They introduced him as John Stephens and the crowd didn’t know or like him. He got off that stage, began to build his 10000hrs. He left to become better and few years later, he returned with multiple Grammy Awards and a name, *John Legend*!
EVERYBODY’S FIRST WORK IS CRAPPY, even Da Vinci’s art and Jean Michel’s build up to Basquearts graffiti paintings; they were terrible!
The Beatles used to be an ordinary Rock Band in the UK. Tired of the cycle of ordinary, they left London for Hamburg. And within that period, between 1960 to1964, they became better by performing over 1 200 times at Live in Hamburg (that’s over 10000 Hours of cumulative work). So by the time they came back to England, history has it that they performed like no other. Today, they are the most successful music group of all time.

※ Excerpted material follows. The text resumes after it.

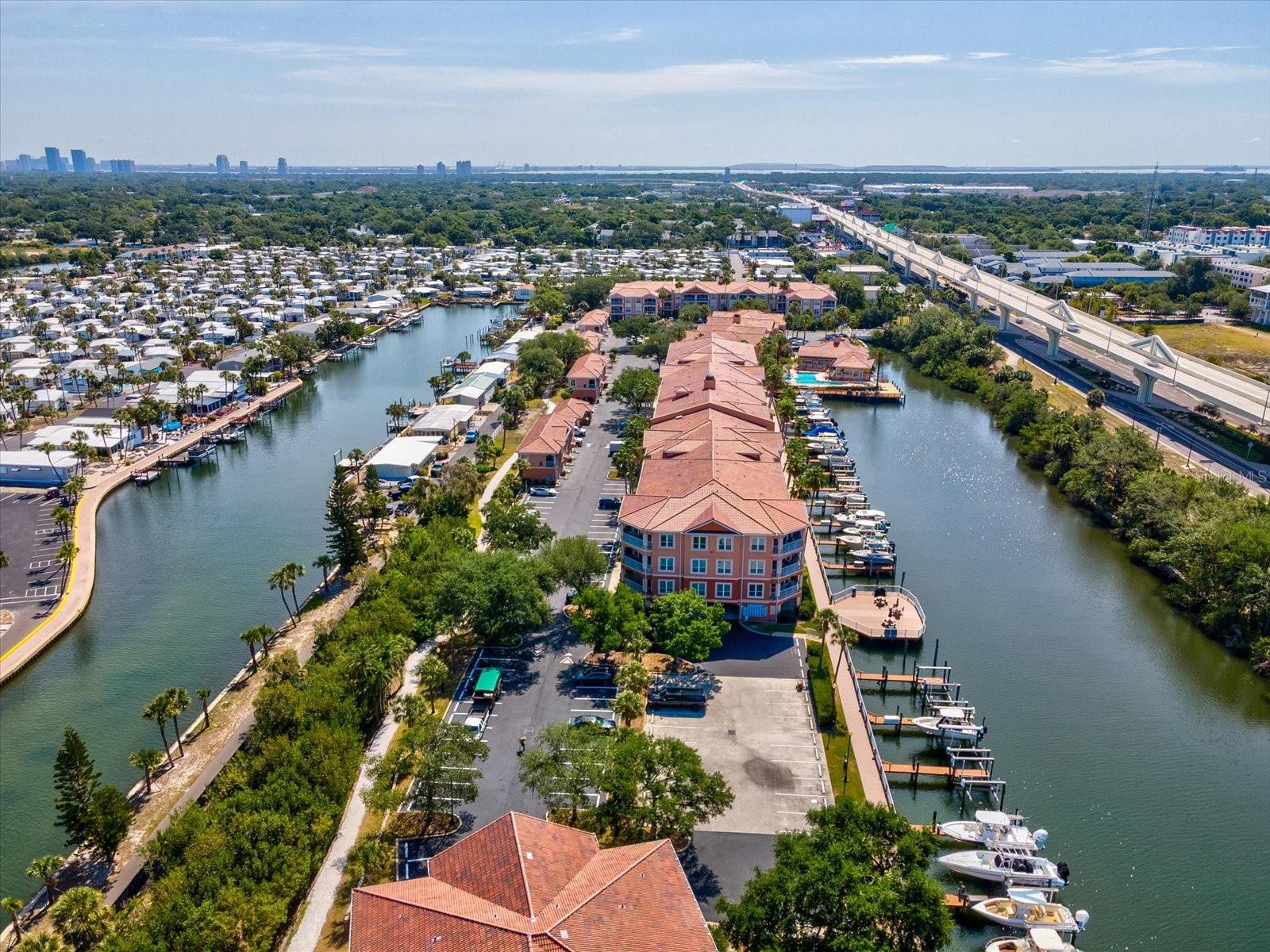 CULBREATH KEY BAYSIDE CONDOMIN - Residential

In psychology it is called the 10,000 Hour Rule. It declares that anyone can reach mastery if grit can be sustained for up to 10,000 hours of trying to do the same thing. Amateurs practice till they get it right; pros practice till they can’t get it wrong. Listen, “it’s not what you don’t have that stops you, it’s what you have but don’t know how to use”!
In Quality Assurance and Management, according to Six Sigma and Kaizen (two highest Quality Assurance practice in the world), they introduced the concept of Cumulative Advantage over Compensation Advantage as a way of Building Competitive Advantage. In summary, the best path to growth and excellence is to do your best (even if it seems not good enough). And the next time, get better at that best. #CumulativeAdvantage #10000HourRule
Don’t ever let anyone tell you that you can’t. Do your best this time. Do better than your best next time!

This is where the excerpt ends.